The homotetrameric kinesin-5 KLP61F preferentially crosslinks microtubules into antiparallel orientations

Abstract

The segregation of genetic material during mitosis is coordinated by the mitotic spindle, whose action depends upon the polarity patterns of its microtubules (MTs). Homotetrameric mitotic kinesin-5 motors can crosslink and slide adjacent spindle MTs, but it is unknown whether they or other motors contribute to establishing these MT polarity patterns. Here, we explored whether the Drosophila embryo kinesin-5 KLP61F, which plausibly crosslinks both parallel and antiparallel MTs, displays a preference for parallel or antiparallel MT orientation. In motility assays, KLP61F was observed to crosslink and slide adjacent MTs, as predicted. Remarkably, KLP61F displayed a 3-fold higher preference for crosslinking MTs in the antiparallel orientation. This polarity preference was observed in the presence of ADP or ATP plus AMPPNP, but not AMPPNP alone, which induces instantaneous rigor binding. Also, a purified motorless tetramer containing the C-terminal tail domains displayed an antiparallel orientation preference, confirming that motor activity is not required. The results suggest that, during morphogenesis of the Drosophila embryo mitotic spindle, KLP61F's crosslinking and sliding activities could facilitate the gradual accumulation of KLP61F within antiparallel interpolar MTs at the equator, where the motor could generate force to drive poleward flux and pole-pole separation.

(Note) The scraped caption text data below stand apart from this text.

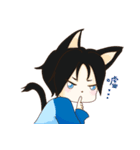 Cat girl Yu ＆ Cat boy Black（個別スタンプ：12）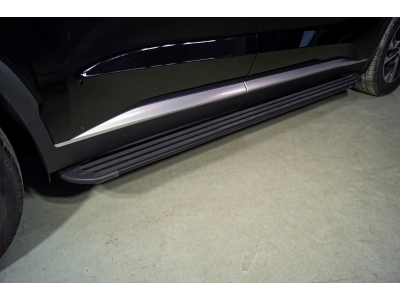 Пороги алюминиевые Slim Line Black для Hyundai Palisade № HYUNPAL21-19B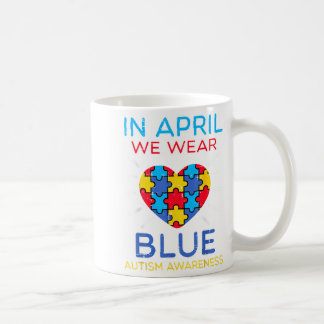 Mug Avril Nous Portons Blue Heart Puzzle Autisme Sensi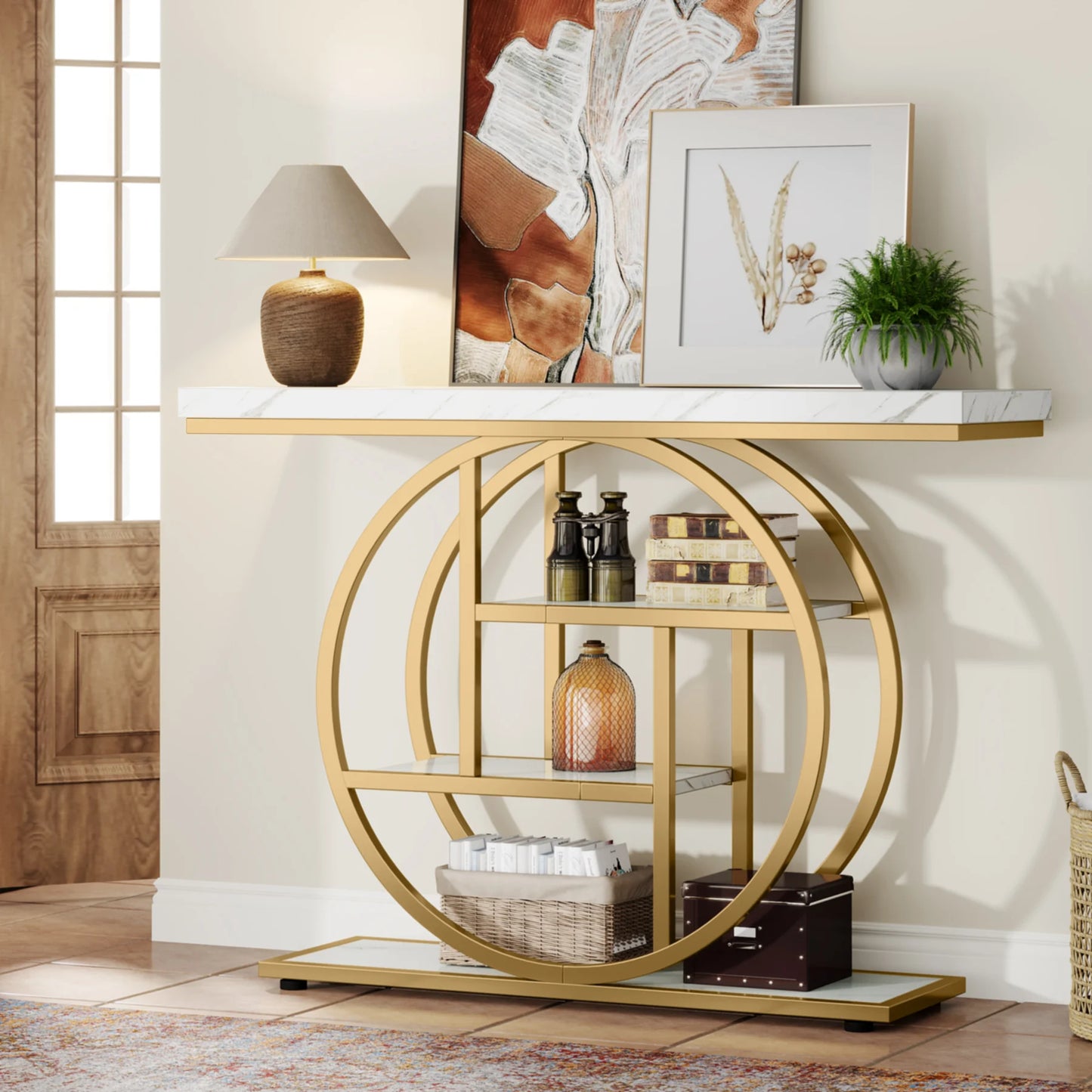 Console Table, 4-Tier Entryway Table, 41.3-Inch Industrial Sofa Table for Living Room, Foyer Hallway Table for Entrance
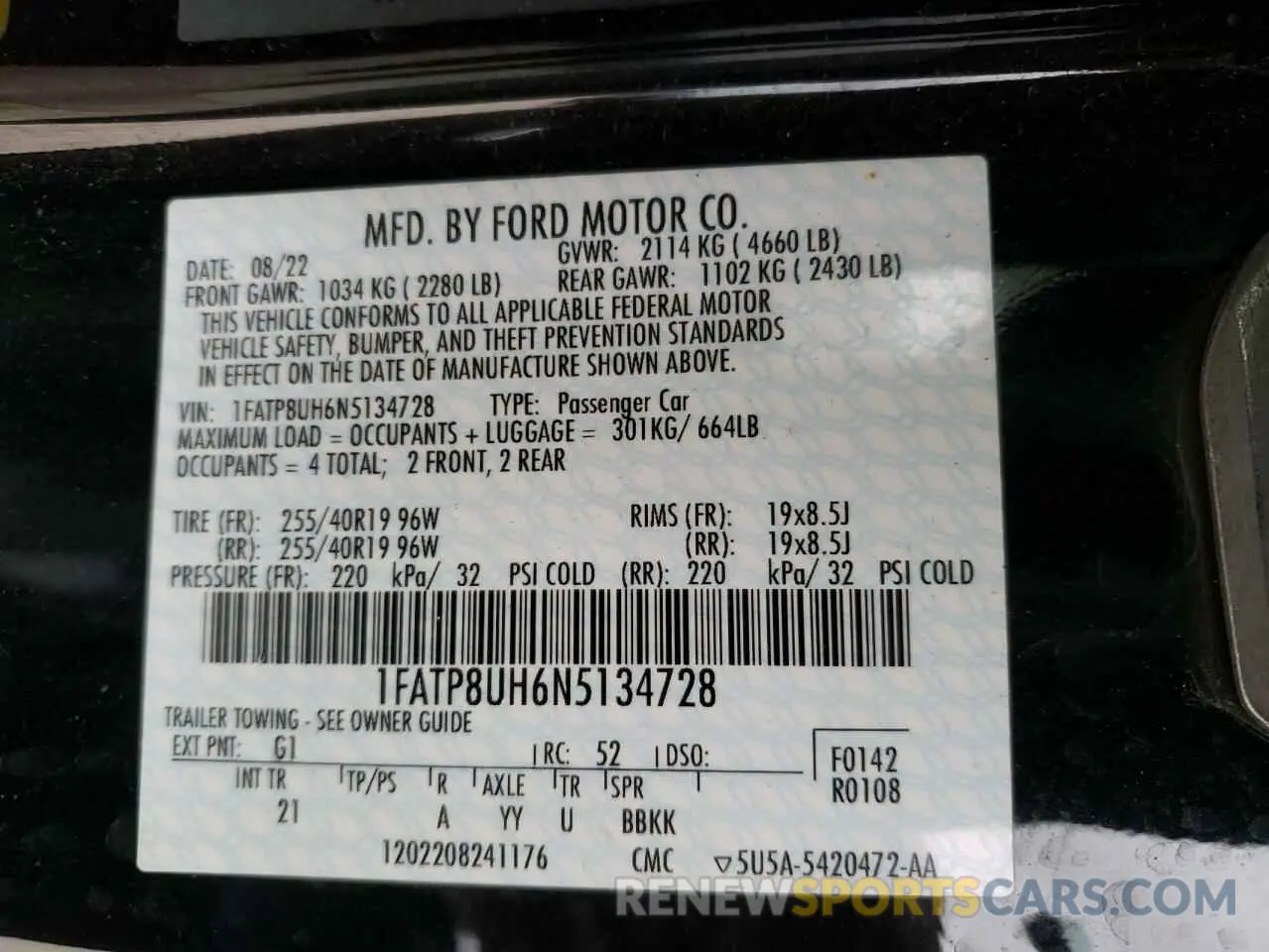 12 fotografías del automóvil dañado 1FATP8UH6N5134728 FORD ALL Models 2022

FIGURE 1. Purified KLP61F can crosslink and slide adjacent MTs

(a) Characterization of purified recombinant full length (FL)-KLP61F, headless KLP61F (lacking motor domains), and KLP61F stalk used in these studies. The coomassie-blue-stained SDS-polyacrylamide gel shows the purity of recombinant proteins after gel-filtration (Superose 6 FPLC, GE Pharmacia). Lane 1 shows FL-KLP61F, Lane 2 shows headless KLP61F (stalk + tail), Lane 3 shows KLP61F stalk. (b) Frames from a time-lapse recording showing a relatively short rhodamine-labeled MT sliding sideways (down and left) along a surface-attached Cy5-labeled MT. After 120 s the sliding MT rotates and aligns with the immobilized MT. The two velocities now add, indicating anti-parallel orientation. Scale bar, 1 μm. See also Suppl. Movie. (c) Displacement of the hindmost interaction point of the rhodamine labeled MT along the immobilized MT axis in (b) is plotted versus time. A linear fits reveal two sliding velocities. (d) Histograms of velocities of all measured MTs in aligned and non-aligned configurations shown together with Gaussian fits.

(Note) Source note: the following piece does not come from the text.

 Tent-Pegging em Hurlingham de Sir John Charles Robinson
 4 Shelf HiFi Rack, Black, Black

FIGURE 2. KLP61F has a preference for crosslinking MTs into antiparallel orientations

(a) Pure full-length (FL)-KLP61F and motorless KLP61F, but not KLP61F stalk, can crosslink and bundle MTs in 1mM ATP. Fluorescence microscopy shows that headless KLP61F and FL-KLP61F have obvious bundling activity. KLP61F stalk without motor and tail domains, however, did not bundle MTs under the same conditions. Scale bar: 10 μm. (b) Image showing crosslinked pairs of polarity marked MTs. The minus end of the MT is indicated in red, the plus end in green. When two MTs are bundled, the fluorescence intensity doubles. Based on the relative fluorescence intensity and the location of the polarity marks, the orientation of crosslinking can be determined, as indicated. White scalebar: 2 μm (c) Histogram showing the orientation of MT crosslinking by FL-KLP61F in the presence of AMPPNP (n = 124), ATP/AMPPNP (n = 60), and ADP (n = 122), as well as by the motorless KLP61F (n = 49). The errors indicated were calculated from the propagation of the counting errors (square root of the number of counts in each category).